A similar ocular microemulsion was prepared by Fialho and da Silva-Cunha using dexamethasone, cremophor EL, propylene glycol, isopropyl myristate, BAK, and distilled water. The prepared microemulsion was nonirritant, stable, and showed good acceptable physiochemical properties. The formulation demonstrated greater permeation into the anterior segment of the eye and sustained release over a longer period of time than the conventional suspension preparation. Also, the pharmacokinetic studies revealed that area under the curve was 2 times higher with microemulsion than the suspension. 54
Conclusion
In this study, we report the development and evaluation of an ocular microemulsion of dexamethasone and tobramycin for treating anterior segment eye infections. Both the blank and drug-loaded microemulsions displayed a droplet size of <20 nm by DLS and a neutral zeta potential. The pH of microemulsions was close to physiological range, with light transmittance around 95%–100%. The microemulsion was successfully sterilized using a 0.22 μm filter.
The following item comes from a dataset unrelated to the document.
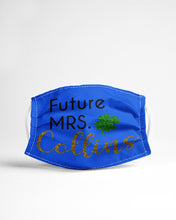 Load image into Gallery viewer, Shamrock Future Mrs Collins St Patrick's Day Cloth Face Mask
The cytotoxicity study in bovine corneal endothelial cells showed no signs of toxicity at lower concentrations (0.01%–5%) when compared to the control. The anti-inflammatory study in microglial cells showed that the activity was significantly greater with microemulsion than with the Tobradex suspension at 0.1% concentration. The antibacterial study revealed that the microemulsion had significantly higher efficacy when compared to the marketed suspension. Stability studies indicated that the formulation was stable at 4°C and 25°C for 3 months. In conclusion, an o/w microemulsion of dexamethasone and tobramycin was successfully prepared using ricinoleic acid, cremophor EL, 1-butanol, and water. This formulation could be explored as a suitable alternative to the Tobradex suspension. Long-term stability and efficacy of the formulation in an animal model should be established.
Footnotes
Acknowledgments
The authors acknowledge Drs. Zahoor Shah and Rose Jung for providing the microglial cells and E. coli strain, respectively. This work was supported by start-up funds from The University of Toledo and a grant from the deArce Memorial Endowment Fund in support of medically related research.
Author Disclosure Statement
No competing financial interests exist.